Earlier this month, CBC news reported that Travis Pangburn and his company, Pangburn Philosophy, owe performers Sharon and Bram an estimated $15,000 from a recent tour. 

Pangburn's once high-profile promotions company collapsed in November. On Nov. 13, Pangburn posted on Twitter, "effective immediately, the Pangburn Philosophy Corporation will be folding."

In September, Sharon and Bram embarked on their final tour of the country, playing seven successful gigs across Ontario before moving on to B.C. in October. Pangburn promoted and organized the B.C. shows.

"Audiences never failed us. The promoter, that's another story," said Sharon Hampson.

Now, Pangburn, who is based in Kaslo, B.C., is being accused of leaving a trail of bills in the Castlegar area following the Kootenay Country Music Festival in July.

The festival, promoted by Pangburn, ran over three days and featured performers such as Emerson Drive and Brett Kissell.

Businessman Harold Chernoff says he's owed about $20,000 for supplying everything from tents to portable toilets, through his company Trowelex.

Sharon (Hampson) and Bram (Morrison) have been touring the country on their final tour. (CBC)

"We gave them a good deal, basically half price to try and get the festival off the ground," says Chernoff.

"It's just a shame, we put a lot of effort into it."

Chernoff said his calls to Pangburn and his company have not been returned. He said many people around town are owed money from the summer festival and can't reach Pangburn.

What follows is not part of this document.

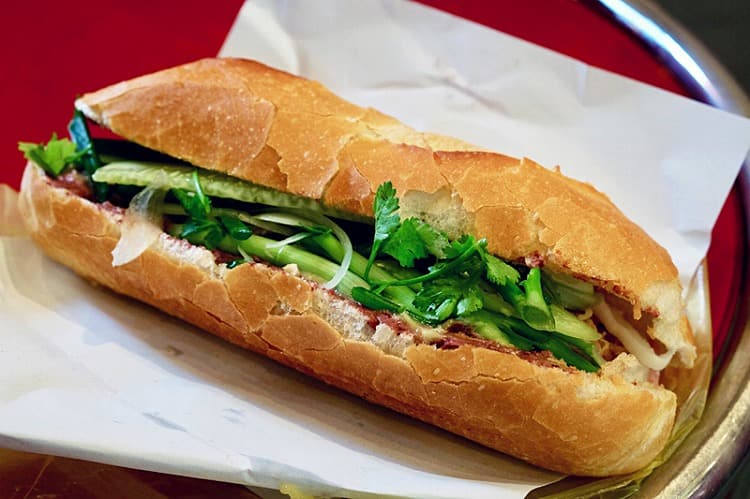HUYNH HOA（フインホア）のバインミー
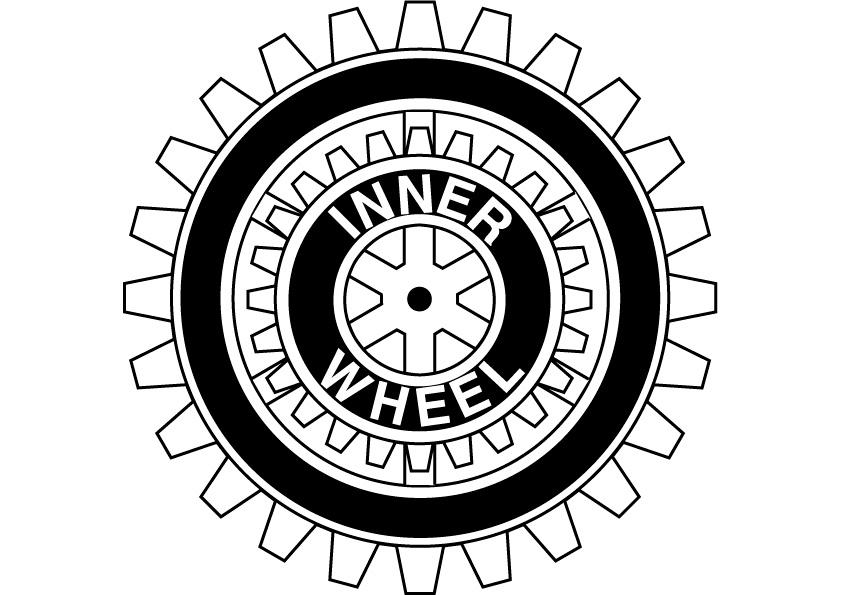 White Wheel Logo - Inner Wheel Graphics | Inner Wheel Australia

Former mayor Lawrence Chernoff says city staff did a lot of work to help bring the country music festival to town.

"We really wanted to bring a festival to the community and put Castlegar on the map," said Chernoff.

"It's the small business people in the community that support the community. Then they get stung."

Not everyone who contributed to the festival was left holding the bag. Some were paid in full.

Pangburn did not return CBC's phone requests for an interview.

A note on the Kootenay Country Music's Festival's Facebook post states: "Due to some recent drastic changes to our parent company, we will not be in operation to produce a festival for 2019. In the meantime, we will be working on plans to come back for 2020 to bring more great music to the Kootenays."

Pangburn was also involved in organizing a series of high-profile debates between intellectuals and philosophers in several cities around the world. But he cancelled an event in New Zealand last summer and then another in New York in mid-November.

In the meantime, some Castlegar bills weren't being paid.